I spent a good part of a past Sunday working with the alpaca and Jacob handspun that I thought I would dye. I had mumbled and muttered through what colors I was going to try (dark orange for the Jacob, and orchid for the alpaca, and finally got off dead center.
At the end of the day, I had dyed the alpaca dark orange. Being more brownish, I felt it would do better, and the Jacob which was intending to be orchid (one part fuchsia, one part turquoise) turned out blue.
Not really a problem. Orchid was a nice thought, but orchid schmorchid....I love blue.
What was a problem was that I dyed the six skeins of each fiber in 2 skein batches in the dedicated apparatus (otherwise known as the avocado green crockpot) and the batches? Well, I tried to do it precisely and scientifically and all, but…well, separate dye lots are not equal dye lots….as it were.

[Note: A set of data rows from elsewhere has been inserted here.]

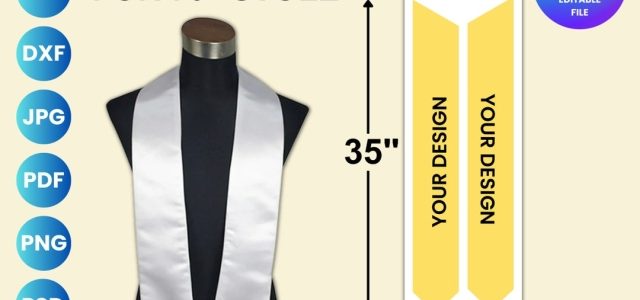 Glamorous Graduation Stoles: Stylish Accents for Your Milestone Moment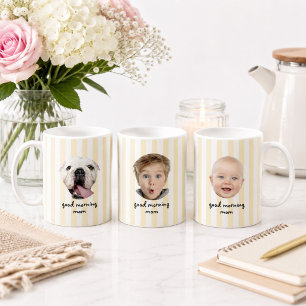 Tasse personnalisée pour la fête des Mères avec 3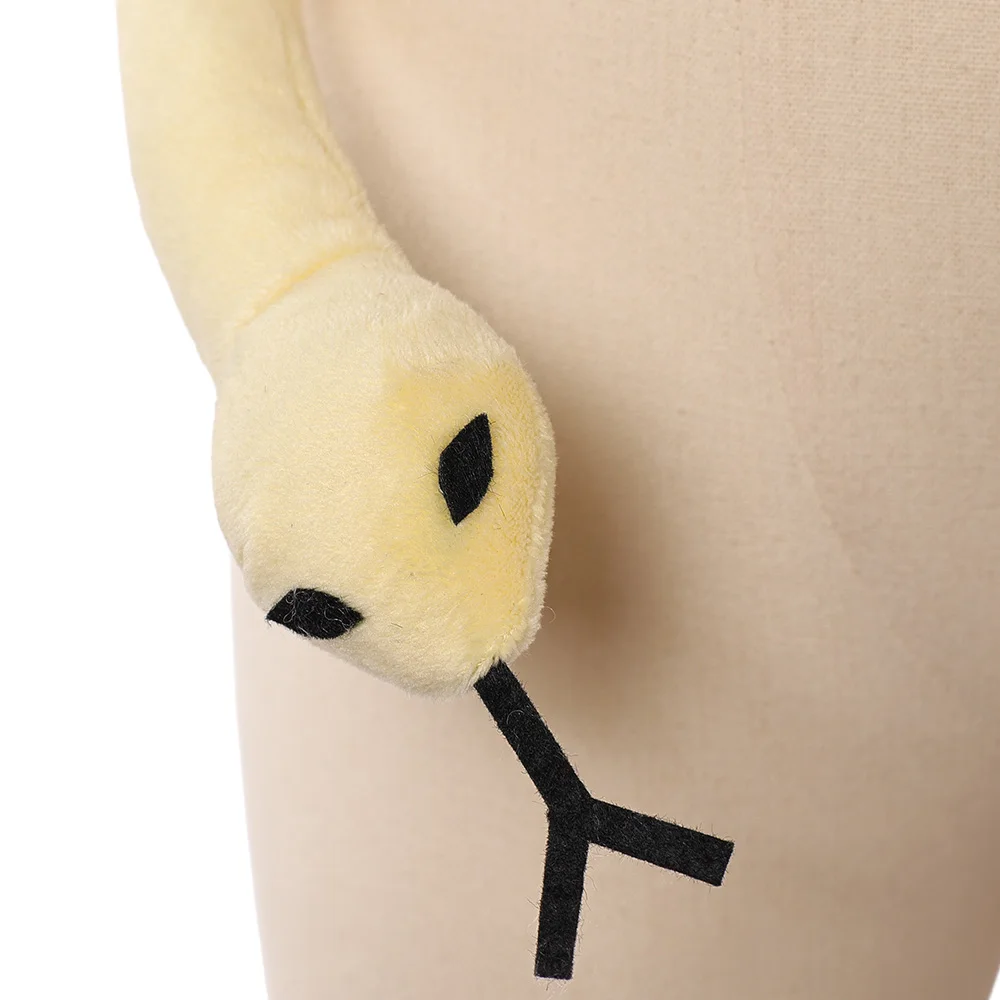 فندق 2 تلفزيون الجحيم نزل دور لوسيفر الأفعى تأثيري حلي الدعائم الأصفر الأفعى حزام الخصر حزام هالوين حفلة كرنفال الدعاوى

The next evening, thinking what I needed to do was overdye each fiber as a whole batch, I hauled my blue enamel canning pot up from the basement. And dusted it off. The dye bath was prepared using the same colors as before, and this time the process resulted in a consistent color. The only variation is due to the original shading of the fiber.
The dark orange dye exhausted almost completely which means the dyed yarn was left setting in almost clear water. The blue did not. My research leads me to think this is typical of the fuchsia and turquoise dyes. They are powerful dyes! The rinsing after dyeing resulted in almost completely clear water, so I feel the dye is set in the yarn, and that I used too much dye.
Still learning. About this and so many other things...
Interestingly, my laundry room, where I had 12 skeins of dark orange and blue (not orchid) yarn hanging? Sort of looked like there was Denver Broncos fan club thingie going one. Which is a little weird, because I am not so much one. Just sort of turned out that way….
Results? I am very pleased, and excited to pick something out of my queue to knit this stuff into.